The second part is a hike across a large plateau and up the long snow slope to the base of the rocky peak. Finally the third part is the peak itself, half rock half snow. It’s much more exposed, but is better rock and can be well protected. Going in the lead was great fun, and since a very long time I was really enjoying the steepness. Due to our slow start it was warm, meaning we didn’t need gloves but soon ran out of water.

Second part of the climb. Snow and ridge.

After we had crossed the snow slope and started up the final ridge, we realised it was a bit longer than we thought. After a first small peak, you need to down-climb a few metres and up to the final tip. Having been so slow I was thoroughly dehydrated, and for a few seconds we doubted about going. Thankfully we pressed on, and in a few minutes were on the top! The view is stunning, and although it isn’t a small peak, Coolidge is dwarfed by the two massive rock faces either side. The north face of Ailefroide is beautiful, with its hanging glacier perched on the side. I remember seeing it years ago, on my first trip to the Dôme and wondering how it could stay glued to the side. From close-up it’s even more incredible. On the other side, the south face of the Barre des Ecrins looked down at us from 4000, a massive drop into the Glacier Noir. We could also see the snow–capped Dôme, cheekily sticking out on the side.

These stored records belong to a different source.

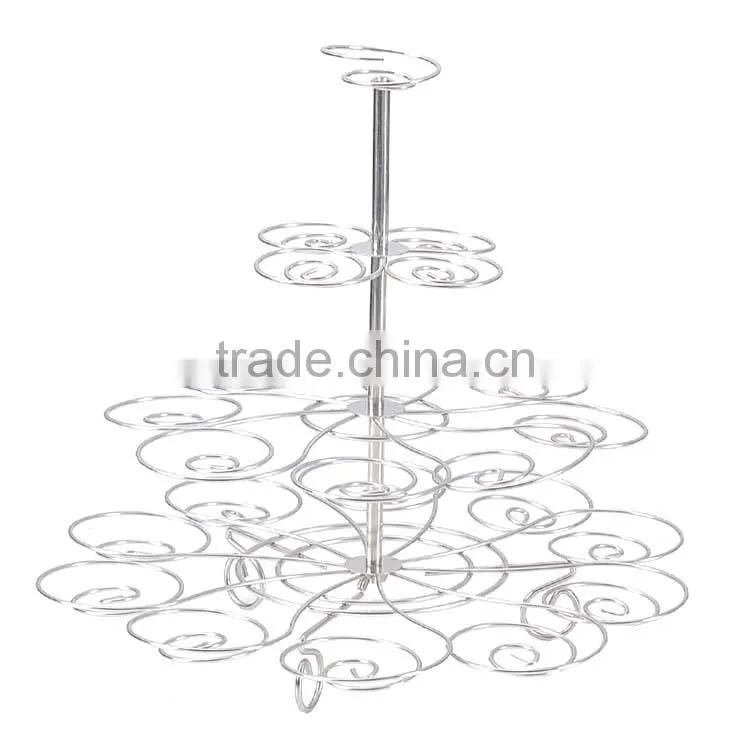 4-tire solid metal display stand for wedding cake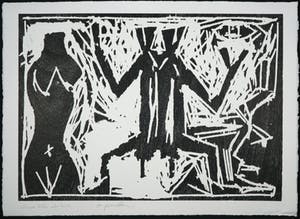A.R. Penck - Houtsnede, Graffiti (Groot) kopen? Bied vanaf 350!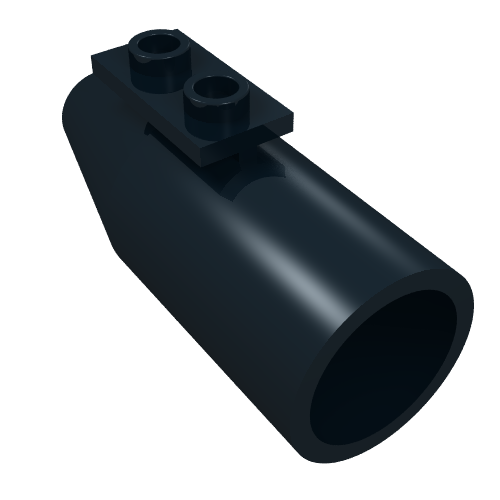 Engine Smooth Large, Cone Back [1 × 2 Thin Top Plate] Schwarz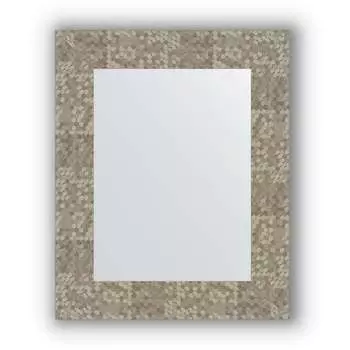 Зеркало в багетной раме Evoform Definite BY 3020 43 x 53 см, соты титан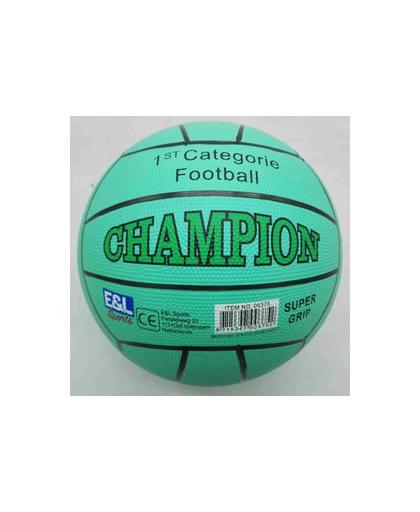 Rubberen Straatvoetbal Champion Lime Groen New maat 5 380 - 420 gram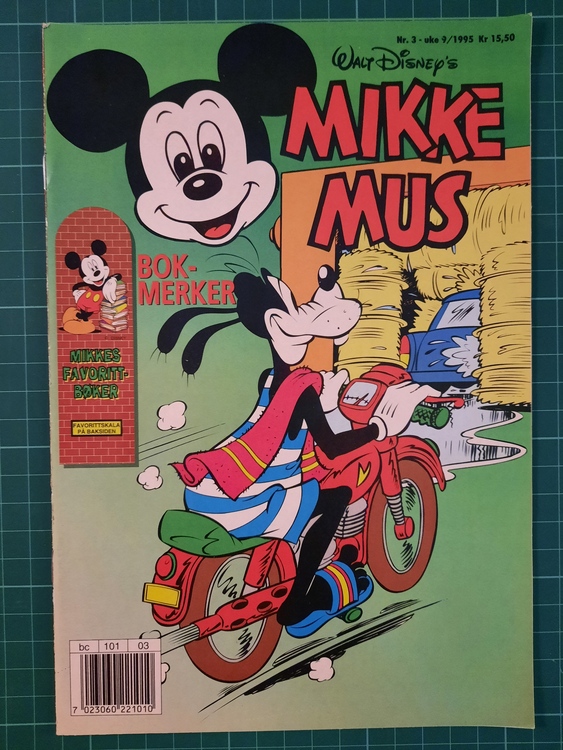 Mikke Mus 1995 - 03 med bokmerke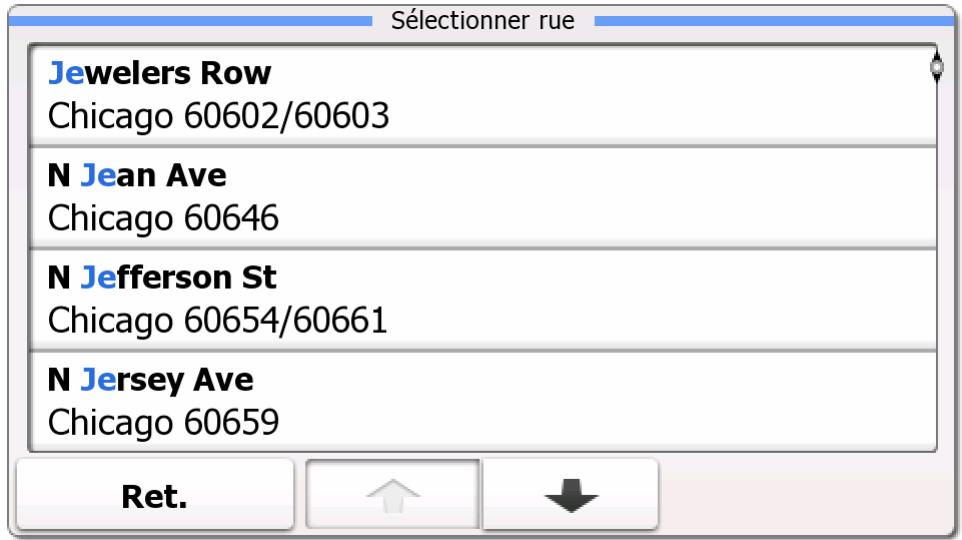 TAKARA SL99W - Sélection d'une intersection en tant que destination - 12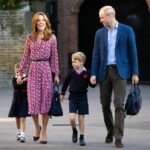 Kate Middleton Takes Prince George and Princess Charlotte to School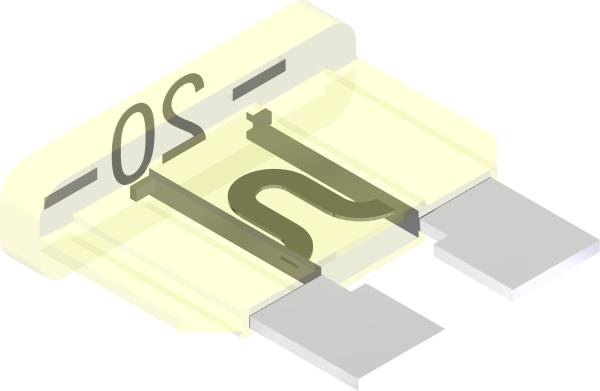 Fuse, 20 Amp, ATC Blade Yellow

Ailefroide and Co. Glacier suspendu in the centre!

South face of the Barre des Ecrins

Summit time – Yeahhh!

After a snack we were off, leisurely reversing our previous actions, without having to fight against gravity this time. With no major problems we made it back to the Col du Temple. J’s crampon broke on the way down, but luckily the snow has softened (the advantages of being slow!) and he made it down ok.

Looking up from where we’ve come.

By this point we were pretty tired, and while packing the tent and our stuff we had the +1200 metre descent to look forward too. It didn’t deceive, and by the time we got to the car, our feet were destroyed. Pulling out our headlamps in the car park, it had been a long yet great day of mountains. It had been a first for both us: alpism for J, leading for me!